About this task: Every line below from the one containing "Cross Border Trend" through the one containing "Uno Apartments" is to be printed exactly, with the pictures omitted.

[Stored data entries]
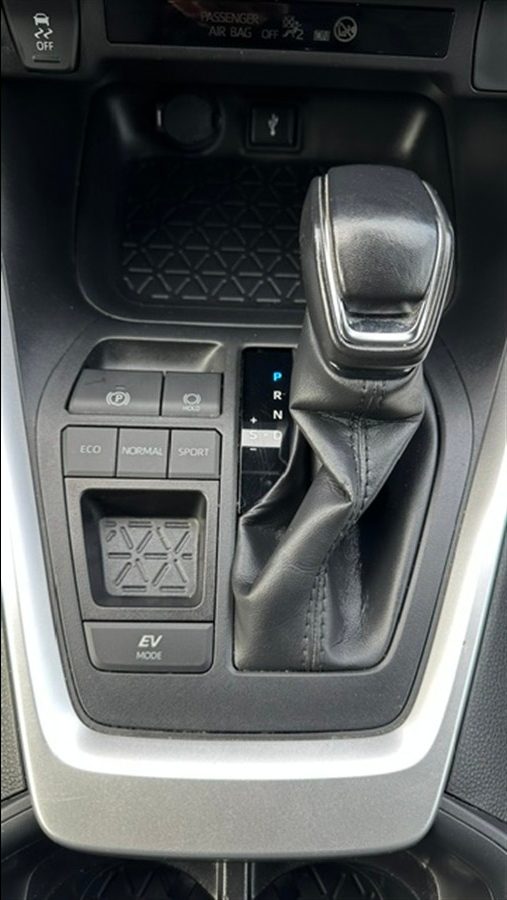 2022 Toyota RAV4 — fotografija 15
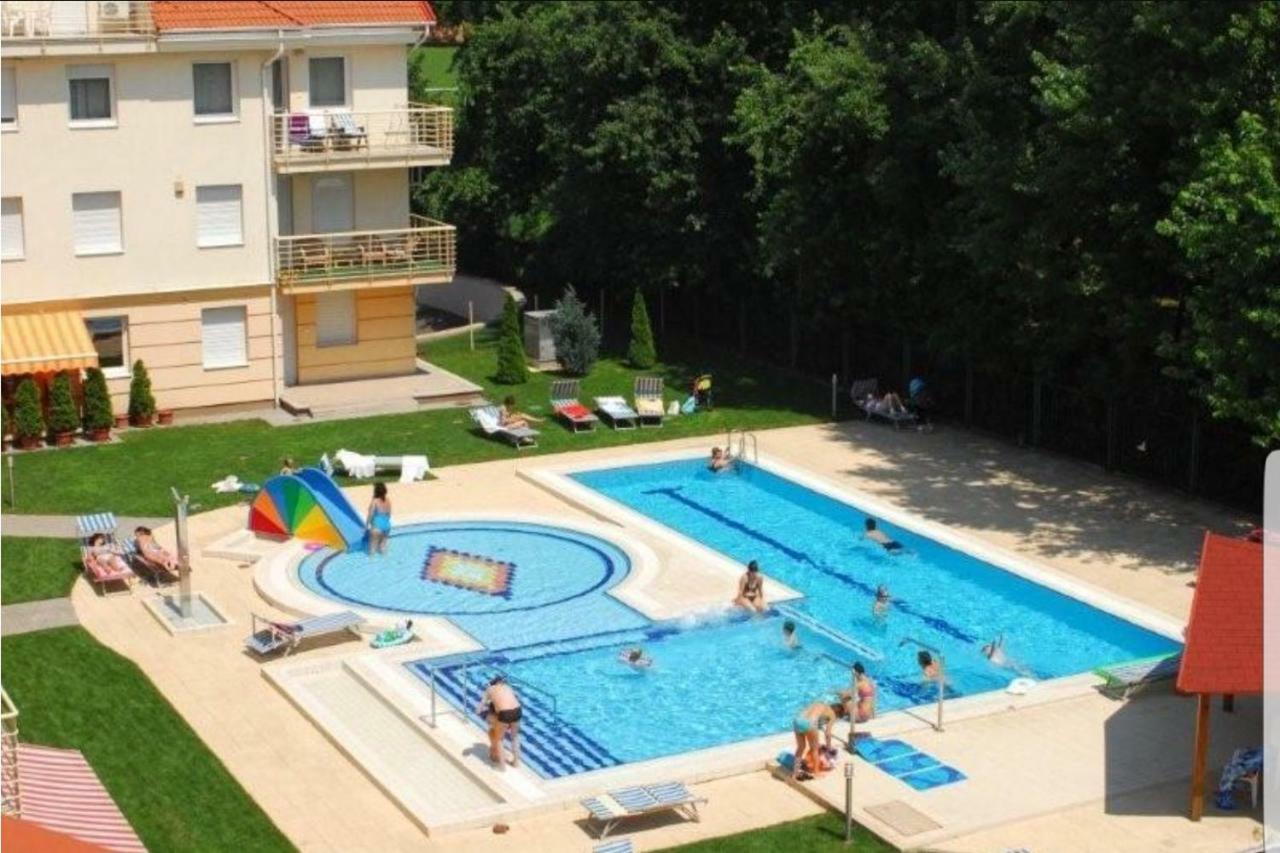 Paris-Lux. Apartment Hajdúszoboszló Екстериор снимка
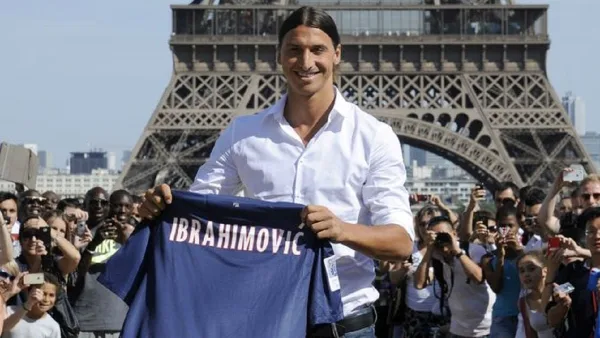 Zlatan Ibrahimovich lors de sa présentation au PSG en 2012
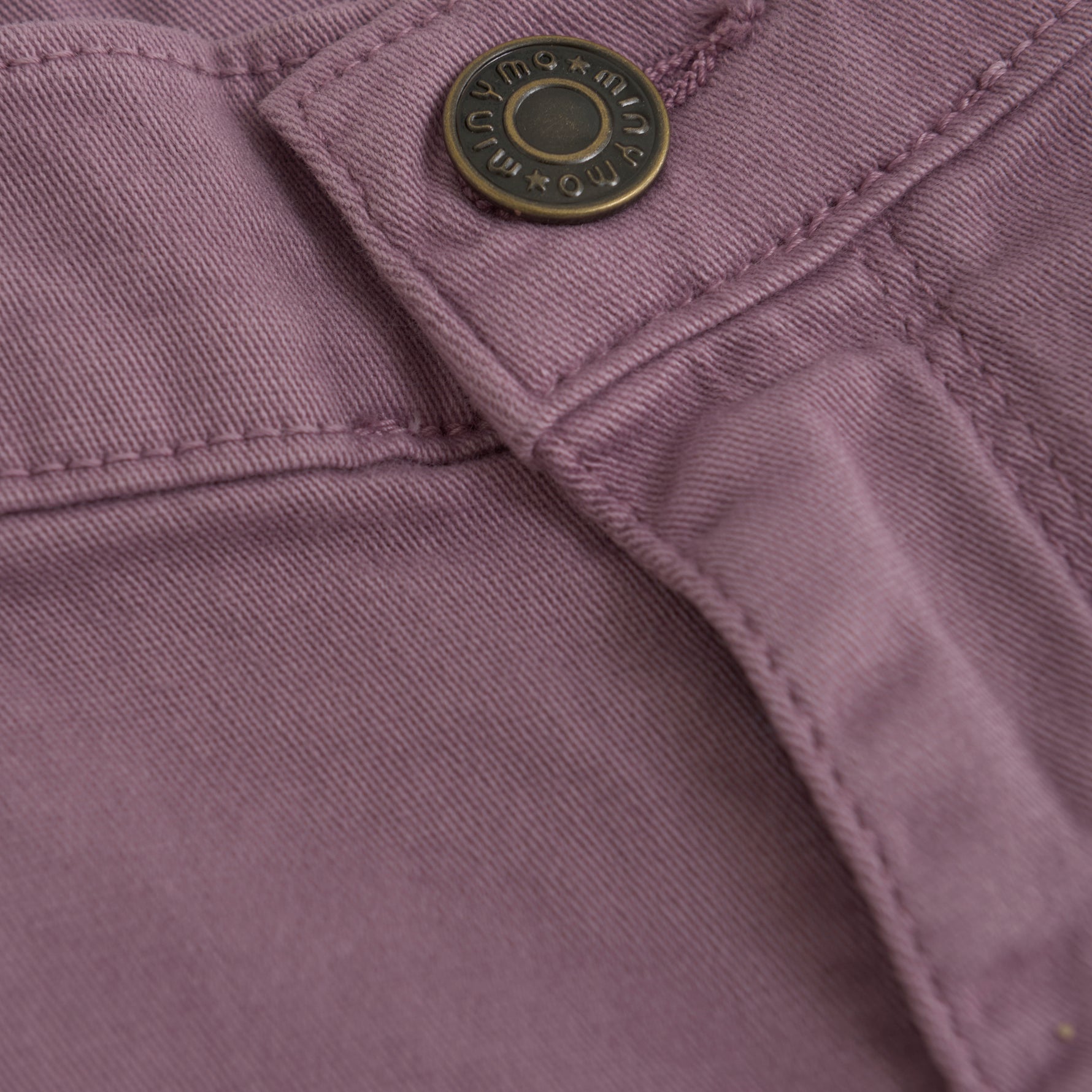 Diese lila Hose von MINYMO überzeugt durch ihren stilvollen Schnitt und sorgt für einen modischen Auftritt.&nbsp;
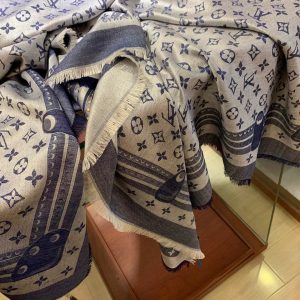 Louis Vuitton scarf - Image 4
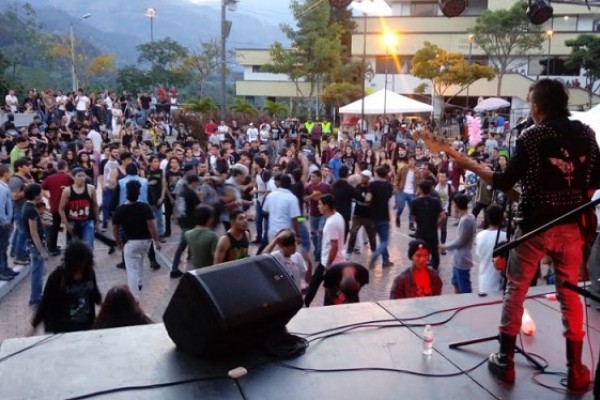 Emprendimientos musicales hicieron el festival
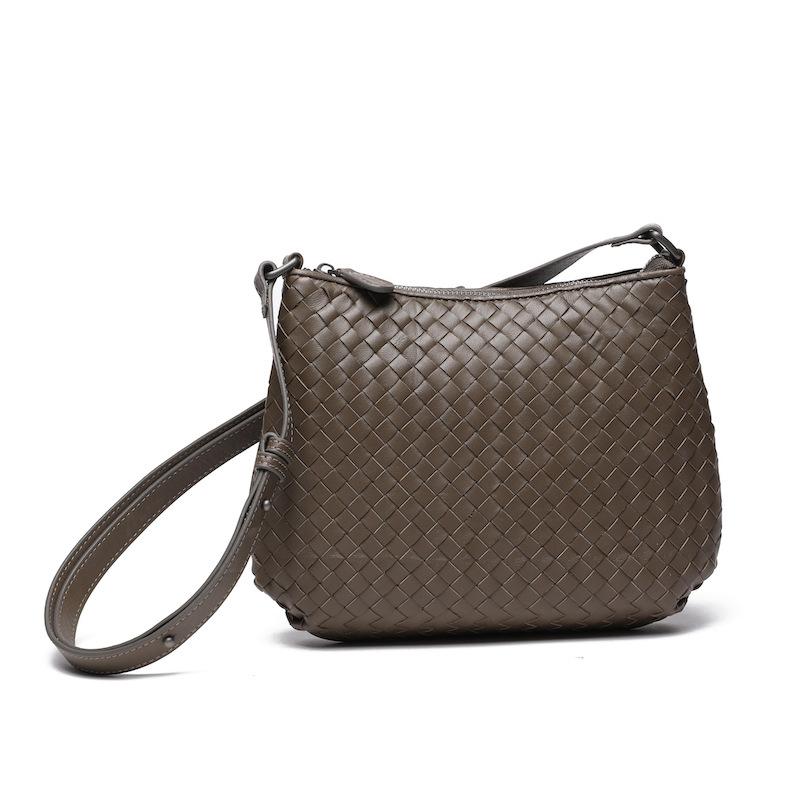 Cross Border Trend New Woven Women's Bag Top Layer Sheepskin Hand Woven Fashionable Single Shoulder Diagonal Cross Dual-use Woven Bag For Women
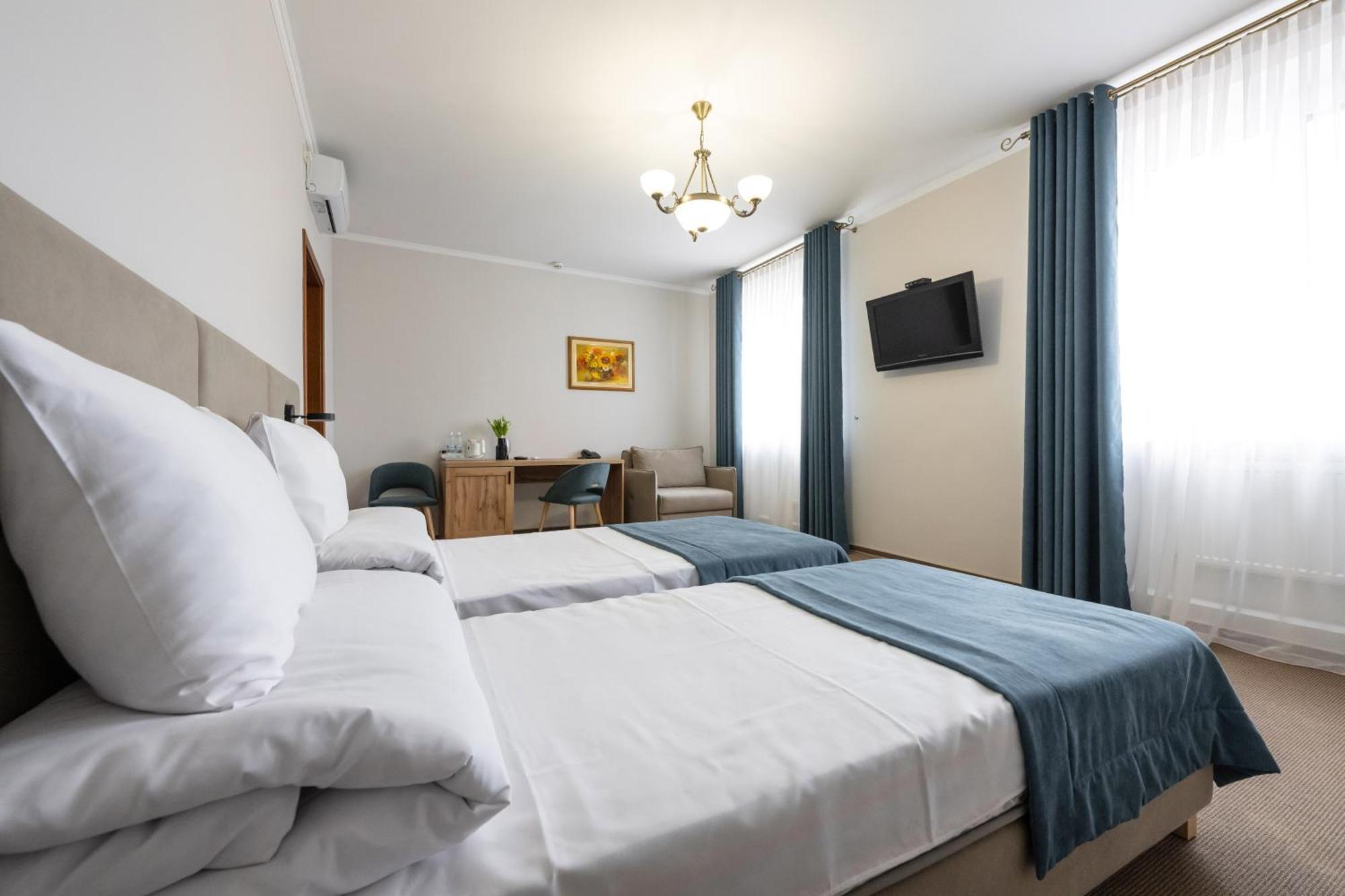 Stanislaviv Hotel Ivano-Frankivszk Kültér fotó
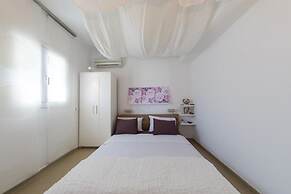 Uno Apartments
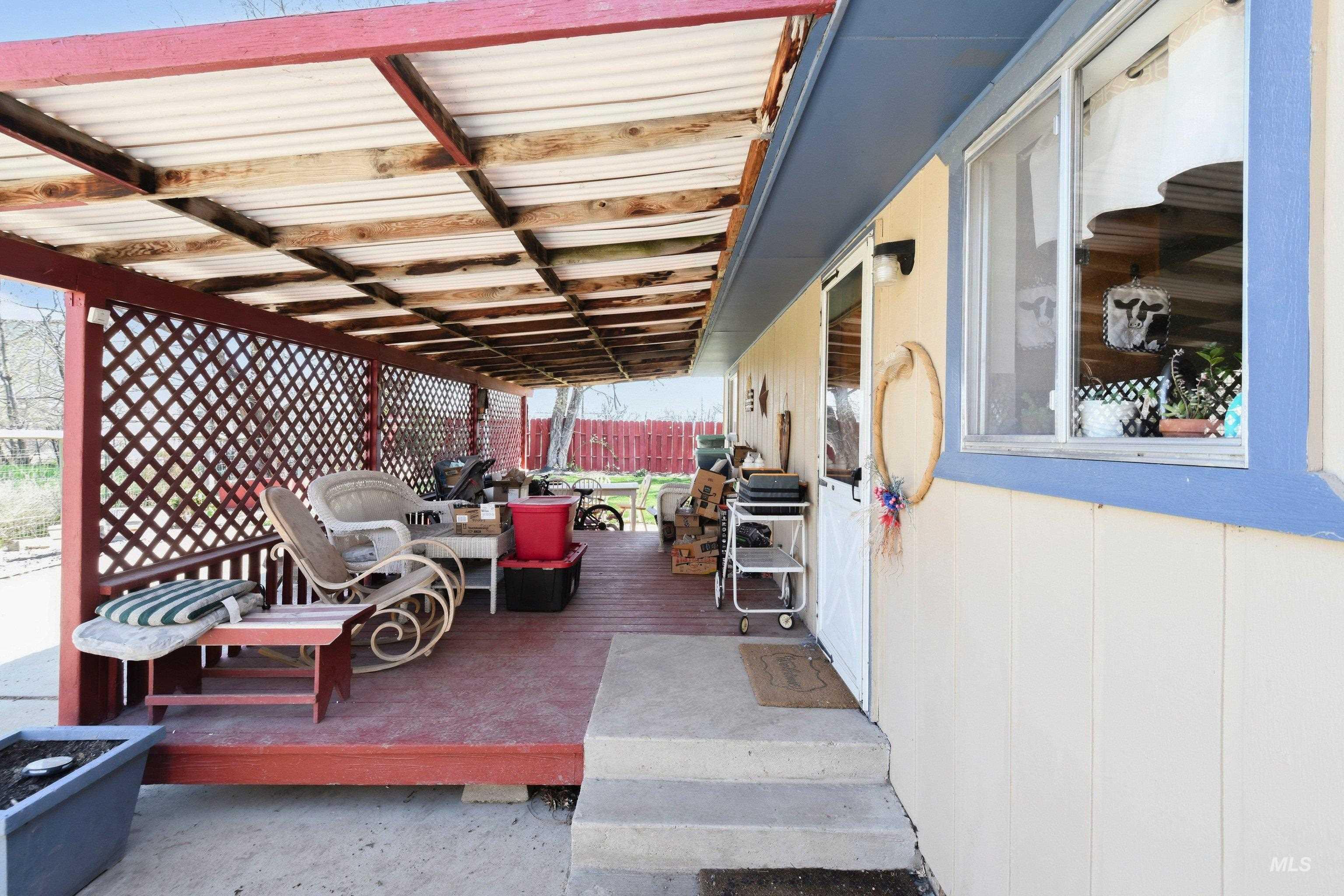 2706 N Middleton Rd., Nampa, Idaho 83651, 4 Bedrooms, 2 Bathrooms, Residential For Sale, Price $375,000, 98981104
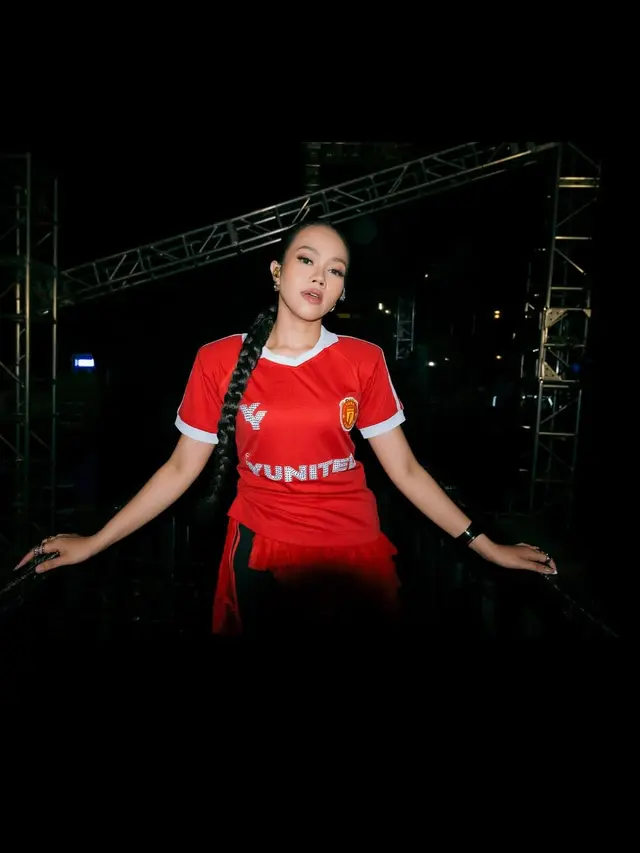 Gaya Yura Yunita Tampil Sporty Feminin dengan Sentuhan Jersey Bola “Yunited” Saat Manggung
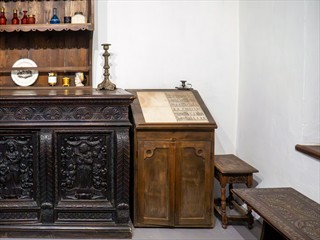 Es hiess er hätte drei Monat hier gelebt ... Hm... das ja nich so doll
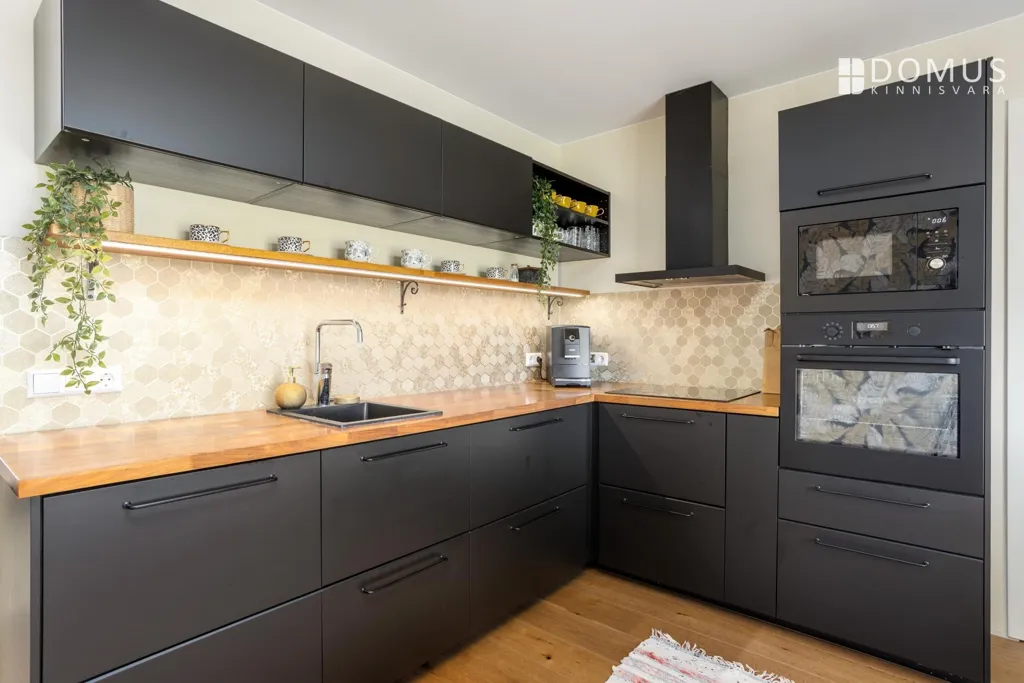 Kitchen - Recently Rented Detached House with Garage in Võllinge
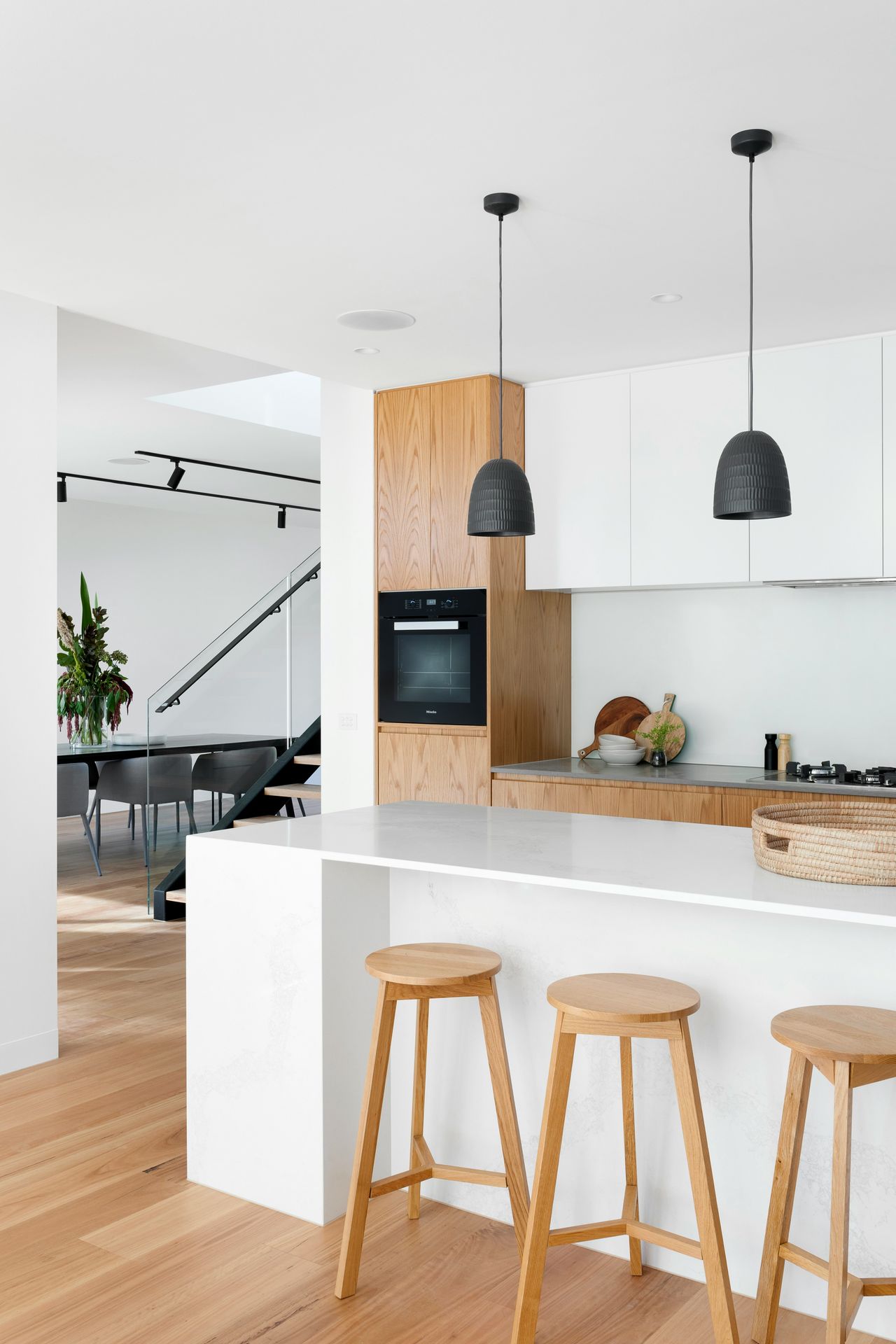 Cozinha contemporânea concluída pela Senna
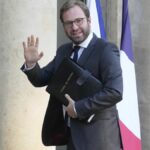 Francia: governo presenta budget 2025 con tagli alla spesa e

Result:
 Cross Border Trend New Woven Women's Bag Top Layer Sheepskin Hand Woven Fashionable Single Shoulder Diagonal Cross Dual-use Woven Bag For Women
 Stanislaviv Hotel Ivano-Frankivszk Kültér fotó
 Uno Apartments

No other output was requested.